NUTS sampling doesn't work

Hi everybody,
I have problems using PymC3 in Jupiter Notebook on Windows 10. Here is an example what I’m currently trying:

import numpy as np
import pymc3 as pm

RANDOM_SEED = 8927
np.random.seed(RANDOM_SEED)

print("Running on PyMC3 v{}".format(pm.__version__))


#true parameters
alpha, sigma = 1, 1
beta = [1, 2.5]
# Size of dataset
size = 100

# Predictor variable
X1 = np.random.randn(size)
X2 = np.random.randn(size) * 0.2

# Simulate outcome variable
Y = alpha + beta[0] * X1 + beta[1] * X2 + np.random.randn(size) * sigma

with basic_model:
    # draw 500 posterior samples
    trace = pm.sample(500, init='advi',cores=2)


az.plot_trace(trace);

So I create a trace and try to sample from this trace to build my posterior model. The problem is, everytime I run the code everything works out just fine until JupiterNotebook should sample the chains. As soon as I get to the point in inference when it is said: ‘Sampling 2 chains, 0 divergences: 0%| | 0/2000 [00:00<?, ?draws/s]’, the connection to the Kernel gets lost and from there on JupiterNotebook is unable to reconnect. Attached I send a picture of what happens.
I am completely clueless what’ s going wrong and why it won’t work… Hope some of you can help me with this!

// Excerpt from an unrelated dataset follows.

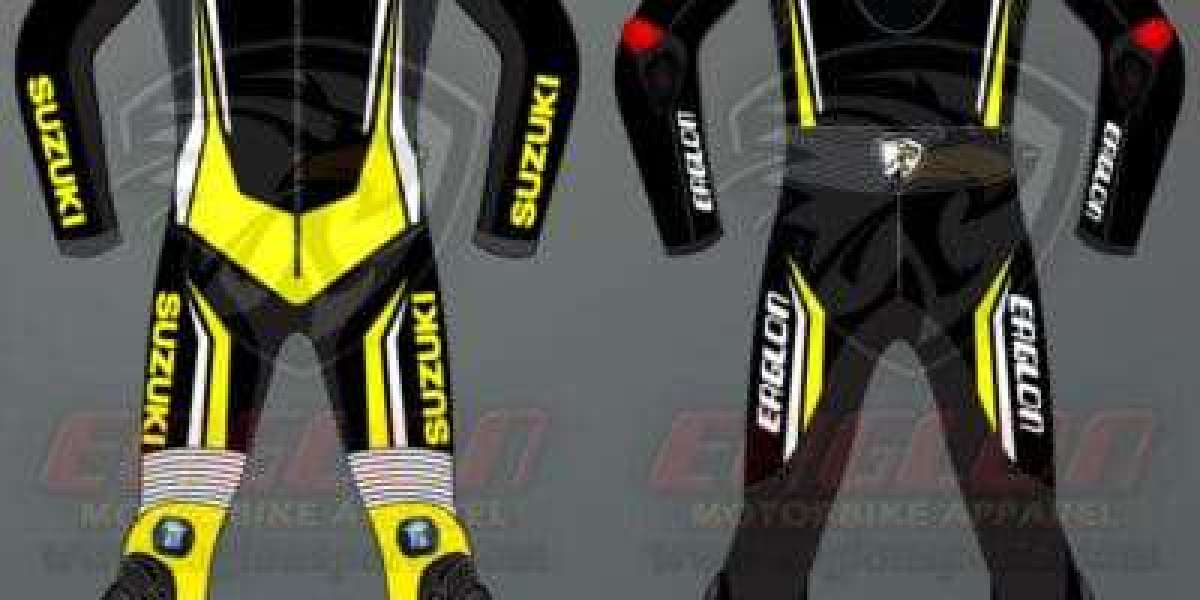 Suzuki Race Suit: Precision Gear for Riders Who Push the Limits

Thanks in advance and best regards
Leon!

The picture: https://i.stack.imgur.com/75u3S.png

Can you share the code for your model to see what is happening?

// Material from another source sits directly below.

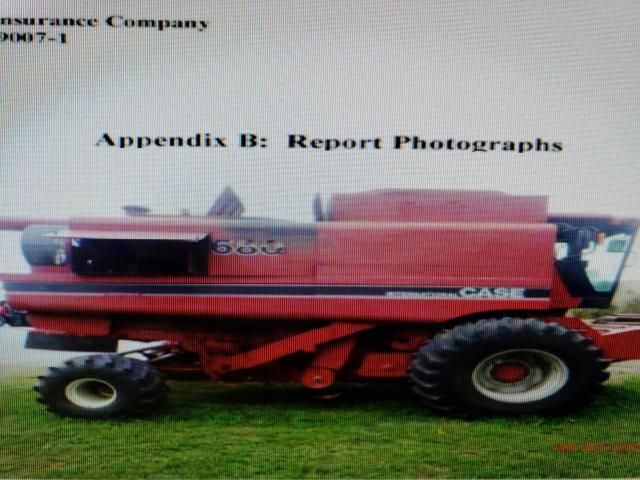 018874 - 1988 CASE 1680 RED photo 5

I am working with the code above, the picture was just from the original project where the problem first occured. But same problem with the code above. I try to work with a code as simple as possible to prevent syntax failures.
I even made a small progress today figuring out that it must has something to do with the multi-processing. When I set chains and cores both 1, then the connection to the kernel doesn’t get lost… Is this a known problem and is there a way to fix it?

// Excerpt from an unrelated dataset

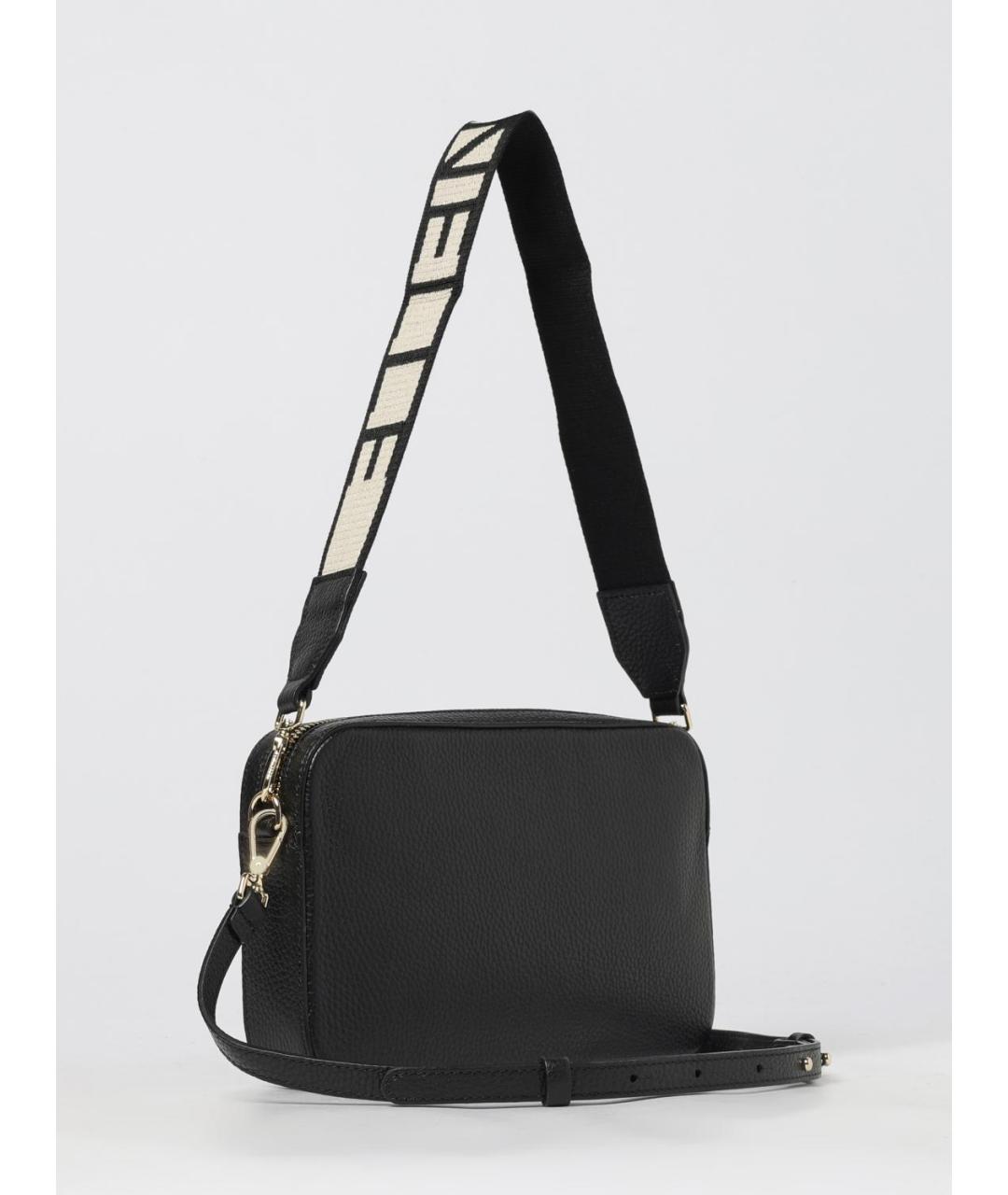 COCCINELLE Черная кожаная сумка через плечо, фото 2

You don’t have any variables or likelihood in the code above, just the sampler call. Am I missing something?

Hi Leon

yes that is a known issue, mostly (if not exclusively) Windows-related.


However, from my experience the notebook tends to die when I call the sampler within a complex or mis-specified model. If you report in the thread the code for the model specification (re @luisroque) you might get some advice on what is causing the sampler to fail.

1 Like

Thanks a lot! Sorry I accidentally copied only half the code as it seems… @luisroque you are totally right there is oviously something missing, here is the missing code:
(it is just a simple tutorial example I was working with before actually trying to fit a model to my data, Link: https://docs.pymc.io/notebooks/getting_started.html)


with basic_model:

    # Priors for unknown model parameters
    alpha = pm.Normal("alpha", mu=0, sigma=10)
    beta = pm.Normal("beta", mu=0, sigma=10, shape=2)
    sigma = pm.HalfNormal("sigma", sigma=1)

    # Expected value of outcome
    mu = alpha + beta[0] * X1 + beta[1] * X2

    # Likelihood (sampling distribution) of observations
    Y_obs = pm.Normal("Y_obs", mu=mu, sigma=sigma, observed=Y)

So I searched a lot but didn’t really find a way around this problem in windows. I’ ve read somewhere that in Ubuntu it should work but to be honest I would really like to prevent to work with Ubuntu. Do you have any ideas how I could somehow bypass this problem in windows and make it running?

Hi Leon,

I ran your example on:

Windows 10
PyMC3 v3.9.3

Calling pm.sample() with the default options works like a charm with sampling being very fast and using all my cores (4 chains on 4 cores).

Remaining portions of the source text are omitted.